Thursday, October 27, 2005

Recall petition filed against measure 37 judge 

Supporters of property rights have filed a petition to recall Oregon Judge Mary Mertens James, the judge who invalidated ballot measure 37 in a decision earlier this month. If petitioners gather 14,400 valid signatures of Marion County voters in the next 90 days, an election will be held in late February or early March to see if a majority of voters agree that Judge James should be removed from office.

Measure 37, which was passed by more than 60 percent of Oregon voters last November, provides that anyone whose property values have been reduced by land-use rules imposed since they purchased the property may apply for compensation or have the rules waived. Judge James rules that the measure was unfair because it treated people who purchased their property before the rules were passed differently from those who purchased it afterwards. Economically, there is a difference between these people: the ones who purchased it before expected to be able to use it in certain ways that were later proscribed by the rules, while the ones who purchased it afterwards did not expect to use it in such ways, and presumably paid less for the property.

Advocates of measure 37 say that the measure's different treatment of different property owners is no different than zoning's treatment of the owners of land on two different zones. Under Judge James' reasoning, all zoning and urban-growth boundaries should be ruled unconstitutional. Unfortuately, Oregon judges seem to have a strong prejudice in favor of zoning and planning and against property rights, so a ruling against zoning and urban-growth boundaries is unlikely.

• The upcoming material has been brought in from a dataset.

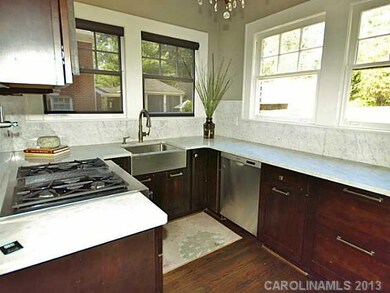 Kitchen - Sunny kitchen with under mount freezer d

As 61.8 percent of Marion County voters supported measure 37, recall petitioners think they have a good chance of success. As Mr. Dooley (a fictional political commentator from the nineteenth century), "The supreme court reads the 'lection returns." So a successful recall may lead other Oregon judges to take a more positive view of property rights. Still, voters may be reluctant to recall a judge simply for making an unpopular ruling.